SUPPLIED DATA:
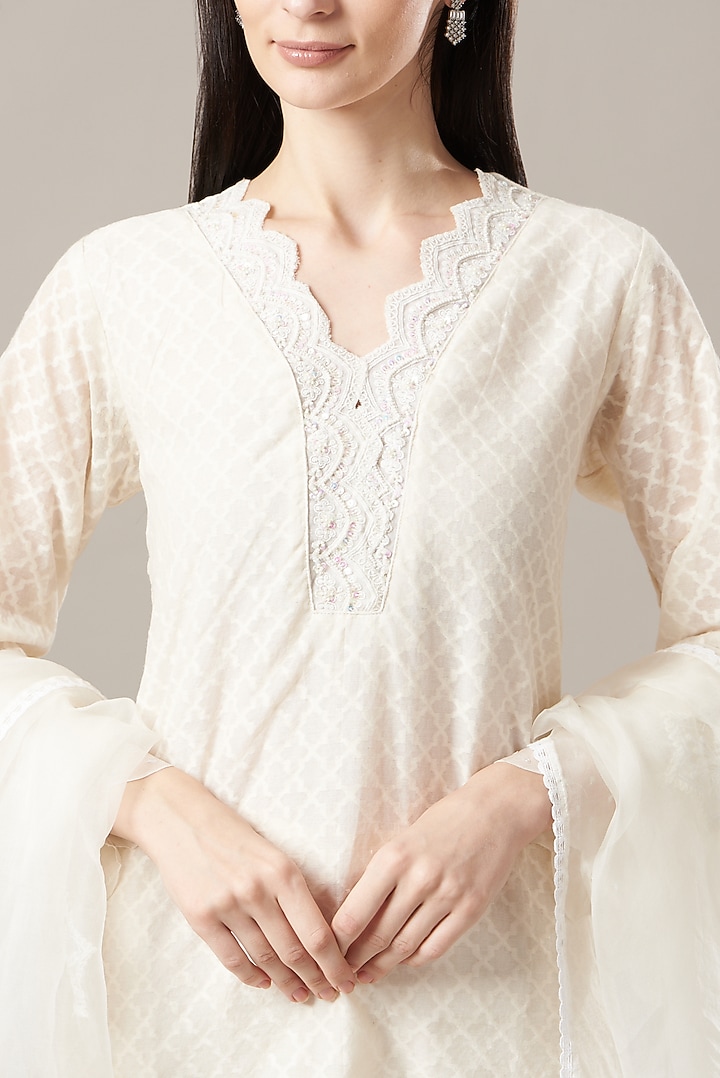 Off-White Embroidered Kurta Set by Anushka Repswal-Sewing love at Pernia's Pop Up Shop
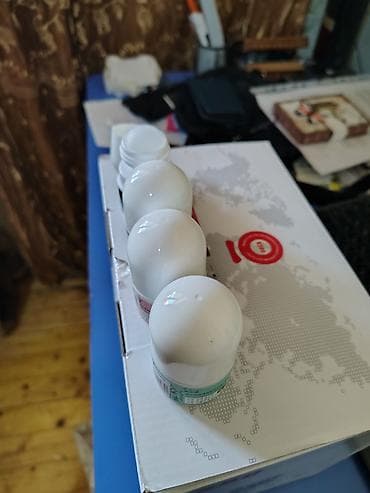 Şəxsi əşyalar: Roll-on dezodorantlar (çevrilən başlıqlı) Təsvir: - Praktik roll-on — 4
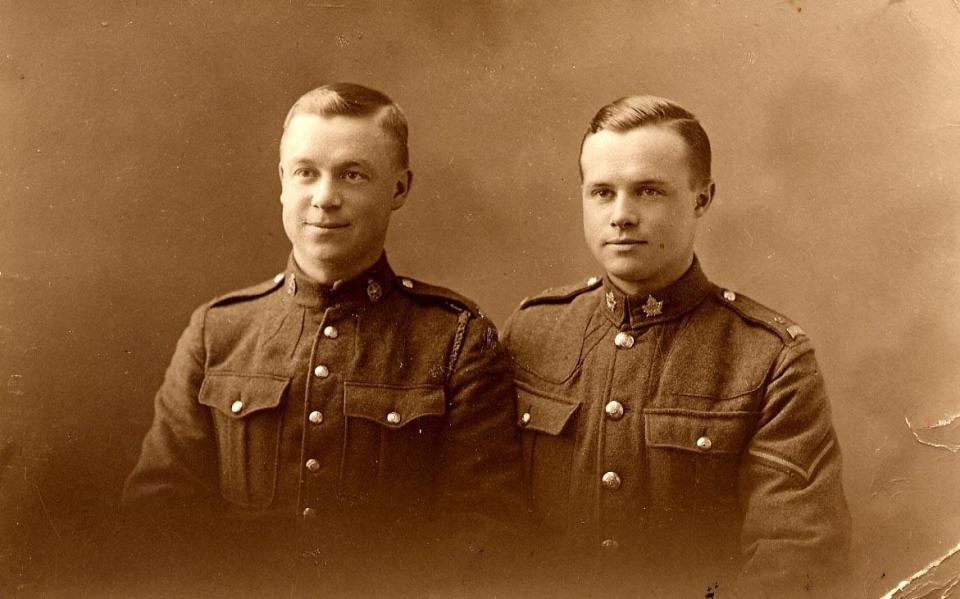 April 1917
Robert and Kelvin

WHAT IS EXPECTED: Transcribe the listing exactly; omit all images.

RESPONSE TO THE EXERCISE:
 Off-White Embroidered Kurta Set by Anushka Repswal-Sewing love at Pernia's Pop Up Shop
 Şəxsi əşyalar: Roll-on dezodorantlar (çevrilən başlıqlı) Təsvir: - Praktik roll-on — 4
 April 1917
Robert and Kelvin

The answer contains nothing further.